I needed to study the rate of change of current (dI/dt) in a DC circuit, so I built an inductor using a laminated soft iron core from a small electronics transformer. I chose soft iron for I could make a reasonable inductor with a few turns and avoid saturating the core with the DC current (which can go up to 10 A).
I needed a thick conductor, so I twisted an AWG 19 wire 2 times over itself in opposing directions (once cw and then ccw) and wound that in the core.
The problem came when I measured the inductance. First I used a configuration with a 25W audio amplifier + smartphone (as a sine wave generator), a bench multimeter to measure the RMS current and an oscilloscope to measure the voltage drop on the inductor. I measured its impedance at 15 frequencies from 100 to 10000 Hz, subtracted the DC resistance and made a linear fit.
The fit was excellent, with R² > 0.99, but the problem was the value I found. From the slope (and its standard deviation) it was 24.5 +-0.5 uH. This is nonsense, if it had air as a core it would be no much lower.
But everything has been double-checked. I checked the multimeter against the oscilloscope, both agreed perfectly in both DC and AC voltages, and the AC ammeter of the multimeter also agreed with the voltage drop on a resistance, as measured on the oscilloscope.
Today I thought the noise from my audio amplifier (which use a SMPS) could be messing with the measure, once the multimeter was measuring the RMS current with all of its harmonics, while in the oscilloscope I was only looking for the peak amplitude of the frequency I selected on the smartphone.
So I decided to make everything with the oscilloscope and filter the noise by eye. In this configuration I used a resistance in series with the inductor and measured the voltage drop on the resistance and on the whole series with the oscilloscope.
I made measurements when the series impedance was 2,3,4 and 6 times that of the resistance alone (which is a 0.5 ohm resistance) and made a linear fit again.
Now I found 22.0 +- 0.8 uH. Basically the same, meaning nothing was wrong before.
So, I beg the question: What the hell could happening here?

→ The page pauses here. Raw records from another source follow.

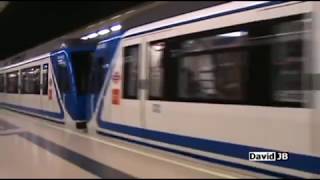 Paseando Por El Metro De Madrid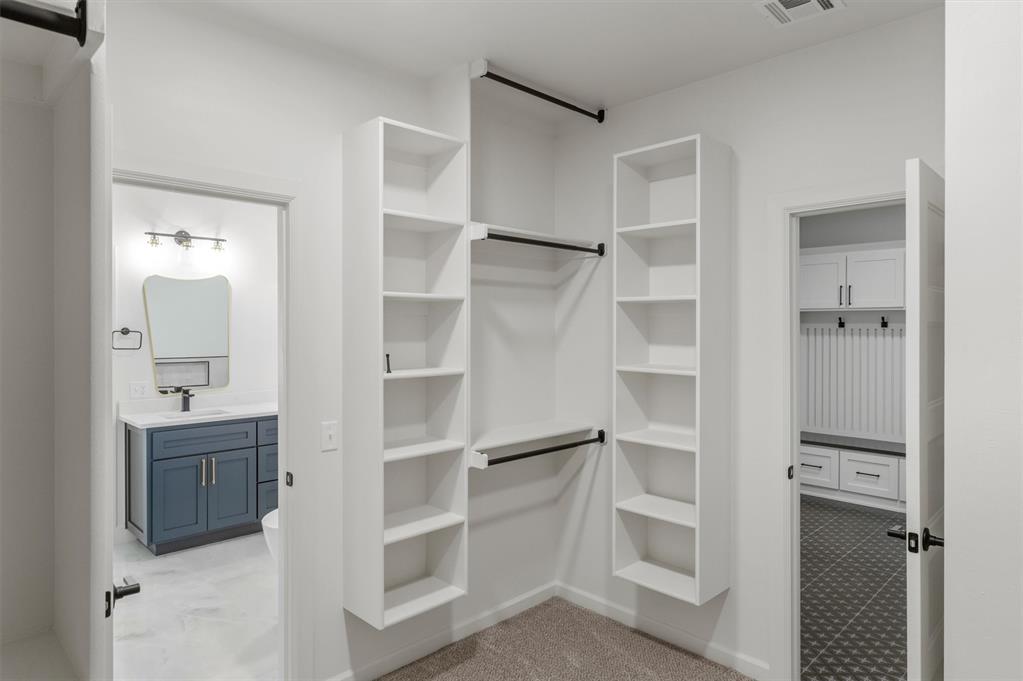 2921 Spring Meadow Lane Property Photo 38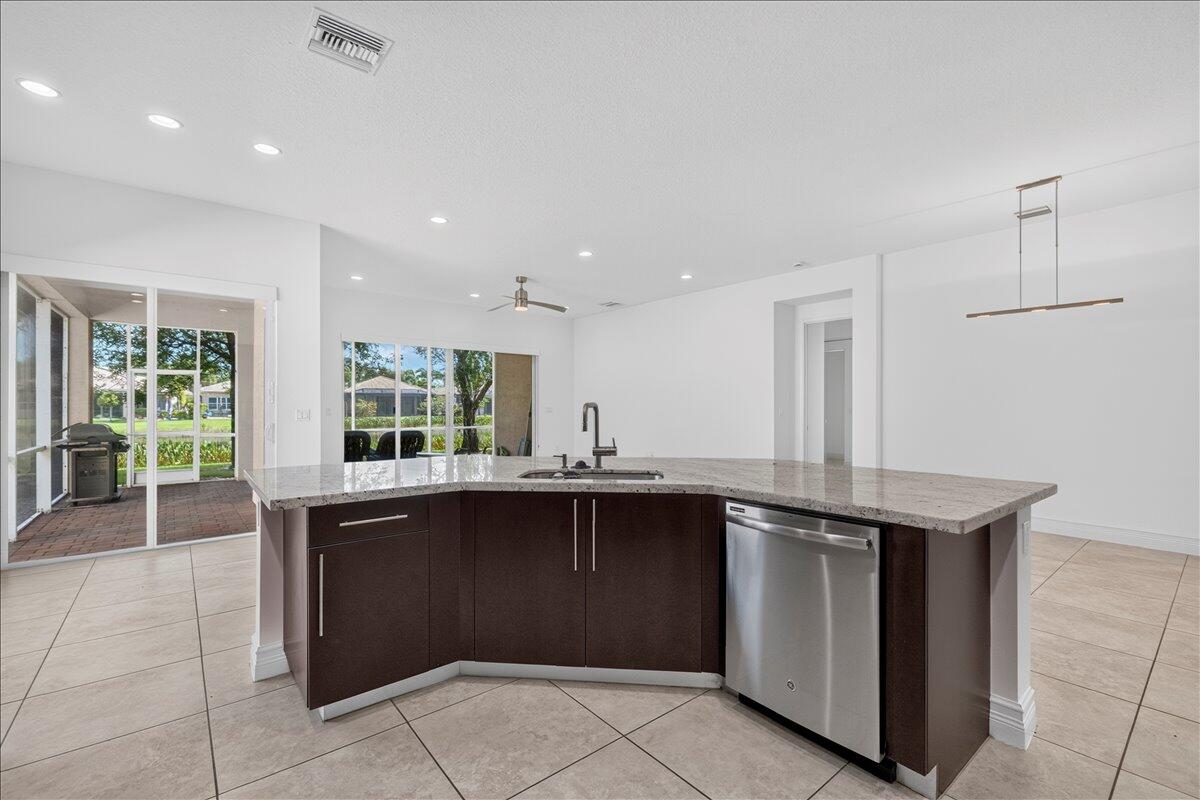 VALENCIA COVE - Residential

I know the laminated soft iron isn't good for high frequencies, but form what I measured its inductance only dropped perceptibly after 10 kHz.
I also know that all the 4 stands of wire are properly soldered in each end and have no shorts in the middle, because the resistance at ambient temperature matches perfectly my annealed copper estimate (6.38e-3 ohm vs 6.8e-3 ohm), if anything happened it would have to be off.
By last I even made a replica of the setup in MultiSIM to check if a 20-something uH inductance show produce that result, and I found that yes, none of my calculations were wrong.
So what's left to consider here? I know that once that I had to disassemble and glue the core back together it surely became worse than it was originally, as now the laminations are slightly more distant, but it can't be so bad. I don't think they're shorted either, which could reduce the overall inductance, but they seem well insulated still, I didn't damage the original insulation and the glue I used is also insulating.